• MATERIAL SHOWN:

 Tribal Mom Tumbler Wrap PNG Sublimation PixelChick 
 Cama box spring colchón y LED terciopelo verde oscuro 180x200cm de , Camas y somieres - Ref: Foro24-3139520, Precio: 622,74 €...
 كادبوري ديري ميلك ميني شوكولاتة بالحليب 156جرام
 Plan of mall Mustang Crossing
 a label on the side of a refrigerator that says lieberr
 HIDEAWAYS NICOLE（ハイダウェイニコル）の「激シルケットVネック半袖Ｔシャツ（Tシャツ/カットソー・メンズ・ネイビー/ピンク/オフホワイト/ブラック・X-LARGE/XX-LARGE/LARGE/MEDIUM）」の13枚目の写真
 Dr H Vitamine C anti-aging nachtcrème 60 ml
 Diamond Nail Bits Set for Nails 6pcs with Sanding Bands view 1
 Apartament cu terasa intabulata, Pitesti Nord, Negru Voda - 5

--

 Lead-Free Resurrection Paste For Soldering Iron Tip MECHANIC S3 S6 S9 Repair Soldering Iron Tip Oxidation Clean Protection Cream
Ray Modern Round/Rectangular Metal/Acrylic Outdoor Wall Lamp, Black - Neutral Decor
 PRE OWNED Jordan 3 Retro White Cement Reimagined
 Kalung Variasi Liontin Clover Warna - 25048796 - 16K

• ASSIGNMENT: From the data above, reproduce word for word the lines running from the line with "Cama box spring" to the line with "Apartament cu terasa", ends included.

• EXERCISE RESULT:
 Cama box spring colchón y LED terciopelo verde oscuro 180x200cm de , Camas y somieres - Ref: Foro24-3139520, Precio: 622,74 €...
 كادبوري ديري ميلك ميني شوكولاتة بالحليب 156جرام
 Plan of mall Mustang Crossing
 a label on the side of a refrigerator that says lieberr
 HIDEAWAYS NICOLE（ハイダウェイニコル）の「激シルケットVネック半袖Ｔシャツ（Tシャツ/カットソー・メンズ・ネイビー/ピンク/オフホワイト/ブラック・X-LARGE/XX-LARGE/LARGE/MEDIUM）」の13枚目の写真
 Dr H Vitamine C anti-aging nachtcrème 60 ml
 Diamond Nail Bits Set for Nails 6pcs with Sanding Bands view 1
 Apartament cu terasa intabulata, Pitesti Nord, Negru Voda - 5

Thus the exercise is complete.